Tad Wagner commented 2013-01-14 14:02:15 -0600
This is a case of someone who spent 5 minutes on the Internet, and made a snap judgment… But again, it’s a good idea to link the full story and NOT just this “readers digest” version… SOME people aren’t willing to do their homework on these cases, but are arrogant and narcissistic enough to judge and condemn, so having a link to the full story is just good business practice.

The most dangerous people in America: Those armed with a LITTLE BIT of information. Case in point!
Shari Fagan-Crawford commented 2013-01-14 13:51:12 -0600
One more chance DB:
a) Registry of the Court? Where do you live?
b) Fourscore actions? I have no idea what that is.
c) Watch Judge Judy for legal advice? Seriously?
d)‘Spent her money on more crap’? Not only have you no information on Caylin’s spending habits; you are a troll with no idea of what happens in the real world. ( Methinks thou protest too much)

I’m glad YOU have never made a mistake, nor trusted people who have a legal responsibility to tell the truth but then lied to you; and then lied more to cover it up.

Ultimately, this isn’t about the bad borrowing or payment decisions of one or even thousands of people. It is about the systematic abuse of millions of homeowners, by the banks who received billions of dollars of TARP funds, and were supposed to re-write loans for homeowners who qualified for modifications. (Caylin qualified for no less than 2 modifications, and yet the bank still tried to take her home.) Hundreds of people who never missed a single mortgage payment lost their homes to fraudulent foreclosure practices. You can spend all the time you want excoriating Caylin, and it won’t change a thing.

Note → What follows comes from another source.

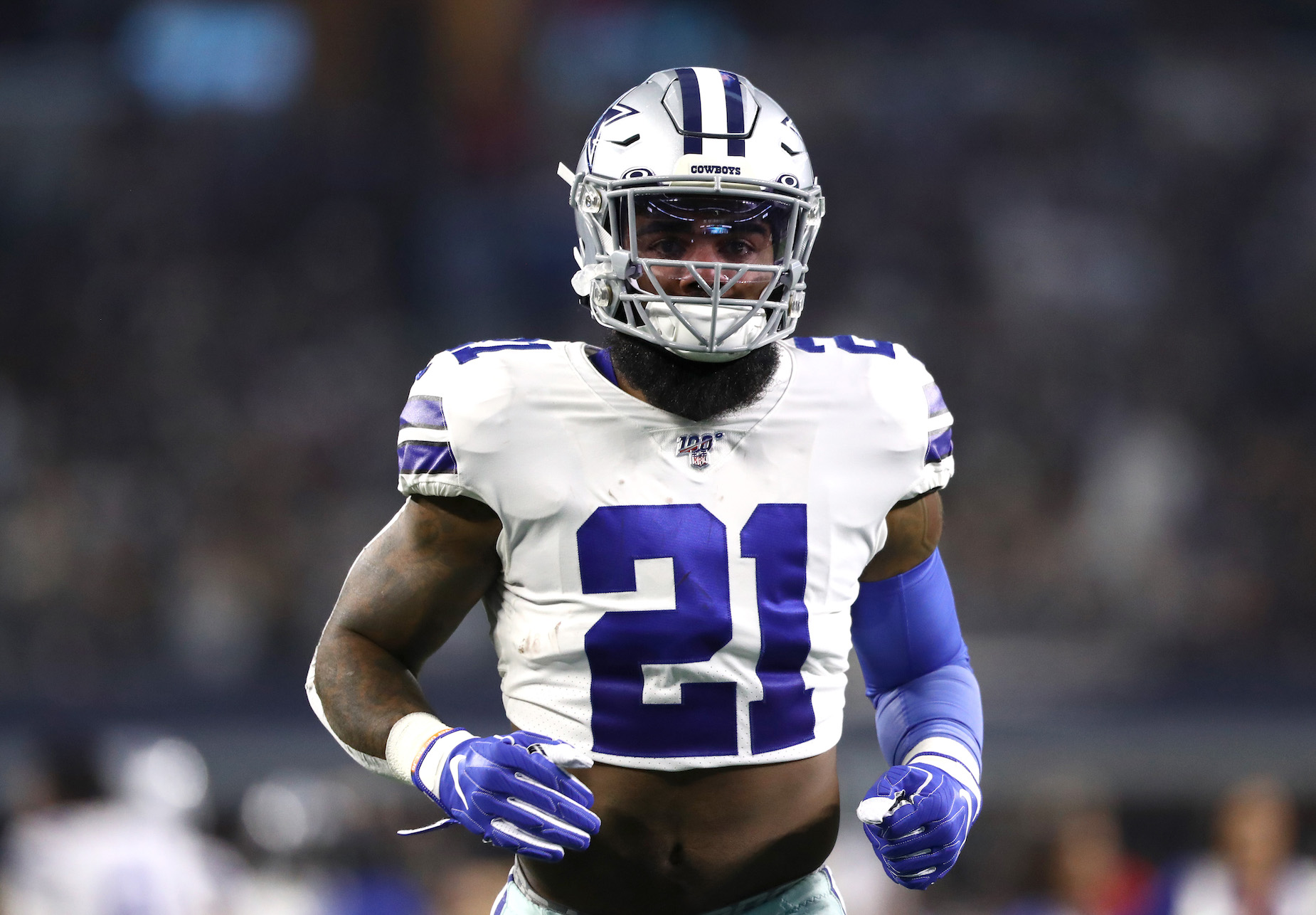 Why Does Ezekiel Elliott Wear a Small 'Crop Top' Jersey?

Caylin had the courage to stand up to the abusive practices of the lenders and servicers; and tell other people similarly situated that they are not alone. What have you ever done for the world?
Tad Wagner commented 2013-01-14 13:33:19 -0600
I think you are correct, Shari…the little “Readers Digest” summation isn’t a good way to transmit what really happened…there needs to be more.
Tad Wagner commented 2013-01-14 13:30:10 -0600
What happened to Caylin is is the same "Nod Nod, Wink Wink thing that certain (NOT all) bank employees have been doing for YEARS. Its all based on whats best for THEM either as individuals to best serve their pay structures, or production flow numbers.

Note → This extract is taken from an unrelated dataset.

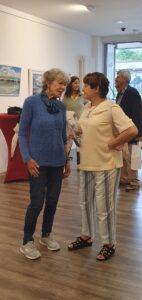 Zwei Frauen einander zugewandt im Gespräch.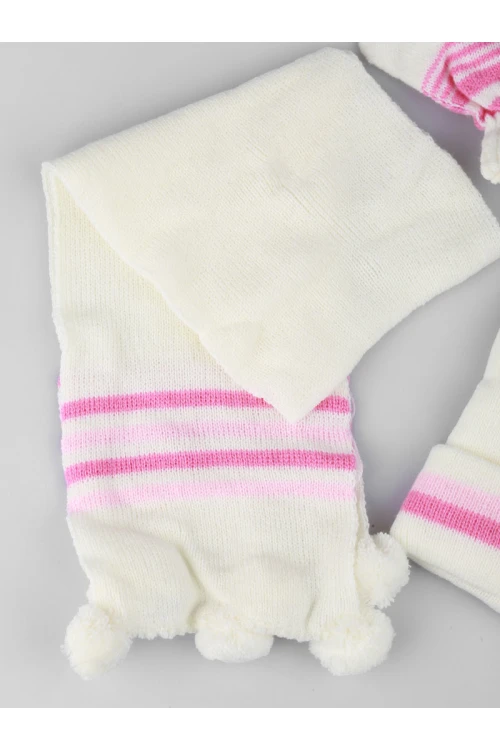 طقم شال مع قبعة و قفازات مزينة بطبعات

Disclaimer: NOT all Banks are “evil”, nor their employees…After EXPERIENCING this kind for thing for YEARS, I can say that there are numerous sources of this bad direction given by certain bank employees…Improper training and oversight being at the top of the list.

Since DB is obviously here to DEMONIZE Caylin WITHOUT having full knowledge of Caylins case, (As evidenced by the lack of questions, and ABUNDANCE of condemnation) I will stop responding to his/her comments, but i think a link to the FULL interview for others who read this may be appropriate…What say you. Caylin?